The Bandicoot will sail this day for V. D 's Land.
“Shipping Intelligence.” Inquirer (Perth, WA : 1840 – 1855) 15 November 1848: 2.

Now that the overall unreliability of this biographical entry has been established, we must turn our attention to the nub of the matter — the date and circumstances of William Nairn Clark’s arrival in the Swan River Colony back in 1830 — as stated in the entry. Or should it 1831? There are two sailing vessels, both named Eliza, that sailed to Fremantle in the Swan River Colony during both those years, but from different directions.

The ship Eliza under the command of Captain Doughty, arrived in Western Australia on 8 May 1830. However, she sailed direct from Hobart-town, Van Diemen’s Land, on 11 April 1830, laden with supplies for the fledgling British outpost. Nairn Clark’s name is not mentioned on the passenger list published in the VDL newspaper.

Alternately the barque Eliza sailed from Gravesend in London on 30 August 1830, but did not arrive at Fremantle until 5 March 1831. Her master was a Captain Weddell (of seal fame). Among the confirmed passengers under Captain Weddell’s charge were both Charles Spyers and Hugh George Smith. Spyers and Smith were both partners in Nairne Clark’s failed fishing experiment on Rottnest Island, the fall out from which would result in the duel with such fatal consequences for one G. F. Johnston. Also on board was the soon-to-be Fremantle Identity Richard McBride Broun, whom Nairn Clark was known to loathe with even more venom than his usual intensity. Six months at sea on a small vessel in close proximity to someone will do that…

This is probably the correct vessel that deposited W.N.C. on Western Australia’s shores, and the entry in the Bicentennial Dictionary is just another typo or error. The barque Eliza does not have a readily accessible passenger list available, if indeed, one exists at all. Yet the list for the alternative is riven with so many coincidences too —

On Sunday,—The ship Eliza, Capt. Doughty, for Swan River, with 700 sheep, 4 oxen, 60 tons potatoes, 20 tons flour, 3 do. biscuit, 2 do. bacon, 100 casks pork, 10 do. butter, 4 do. soap, 6 do. salt beef and mutton, 2 do. tallow, 15,000 feet sawn timber, 2 house frames, 200 bushels bran, 100 do. oats, 200 do. barley, 3 tons hay, 13 do. turnips, 1 cask salt tongues, 100 dry tongues, 26 baskets tobacco, 3 puncheons rum, 1 cask tobacco, 2 do. apples, 1 do. onions, 1 package onion seeds. The whole cargo the property of and shipped by the Charterer, J. T. Gellibrand Esq. Passengers,—Lieut. Erskine 63d. to relieve Lieut. Pedder, and Mr. Sherwin Junr. Mr. Gellibrand's Supercargo.
“SHIPPING INTELLIGENCE.” The Tasmanian (Hobart Town, Tas. : 1827 – 1839) 16 April 1830: 2.
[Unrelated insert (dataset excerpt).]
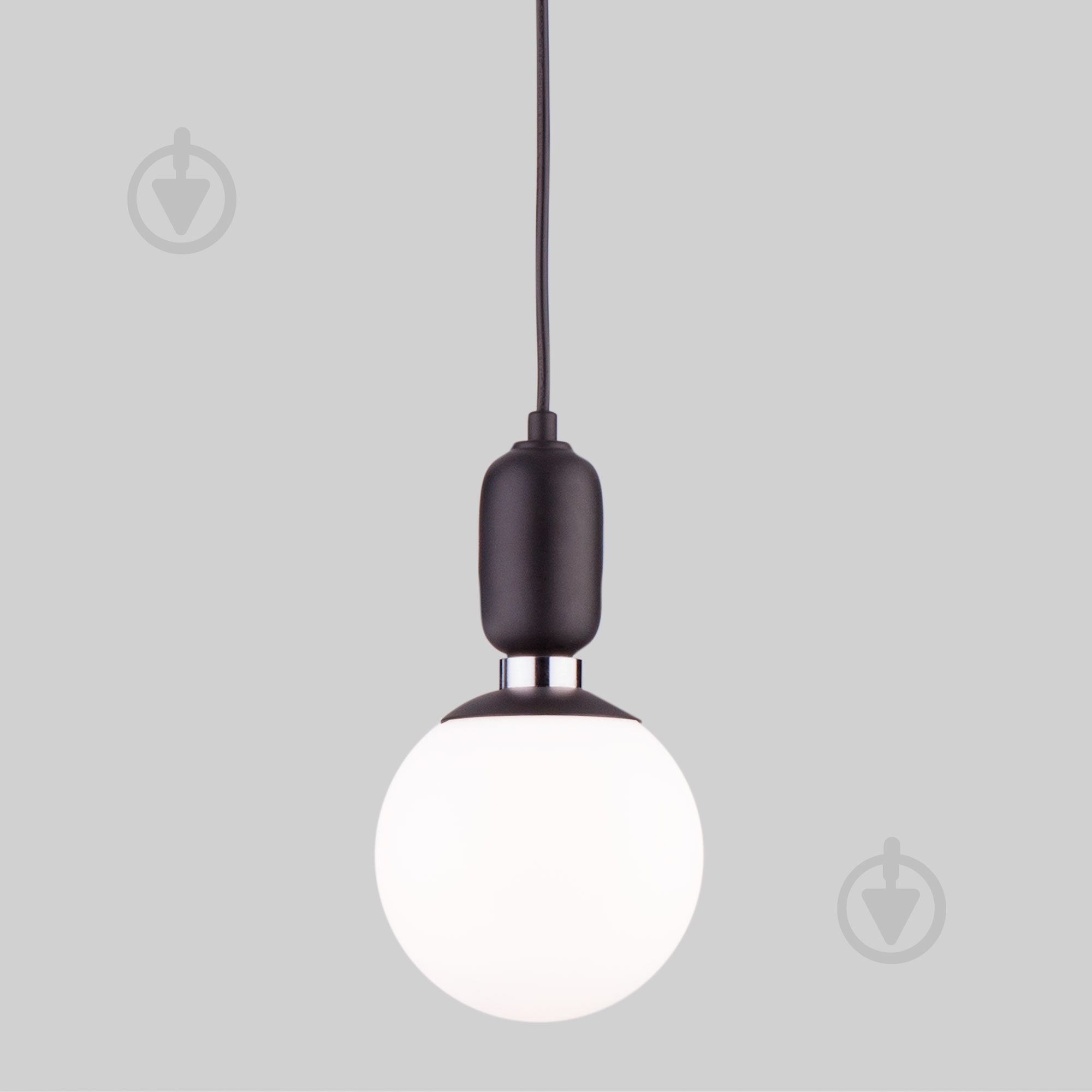 ВИТРИНА! Подвес Strotskis Bubble 50151/1 1x60 Вт E27 черный - фото 1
Joseph Tice Gellibrand was a grandee in Van Diemen’s Land. If you’ve been paying attention, you would now know that the man Nairne Clark will soon kill leaves everything to this same Gellibrand in his will. Then there’s the numerous crossing of paths with Mr Sherwin (junior), other VDL associates in Western Australia, and one Wm. N. Clark, esquire.

I don’t know that William Nairne Clark ever did live in VDL before travelling to Western Australia. But if he did, my favourite bastard in Western Australian history (outside the ones I’m actually related to) would be rendered just a little bit more interesting to my eyes. Its possible a bit more data about the barque Eliza might solve this mystery entirely predictably and anti-climatically.

But that’s history too.

Did I mention that William Nairne Clark was involved in the only fatal duel fought in Western Australian history?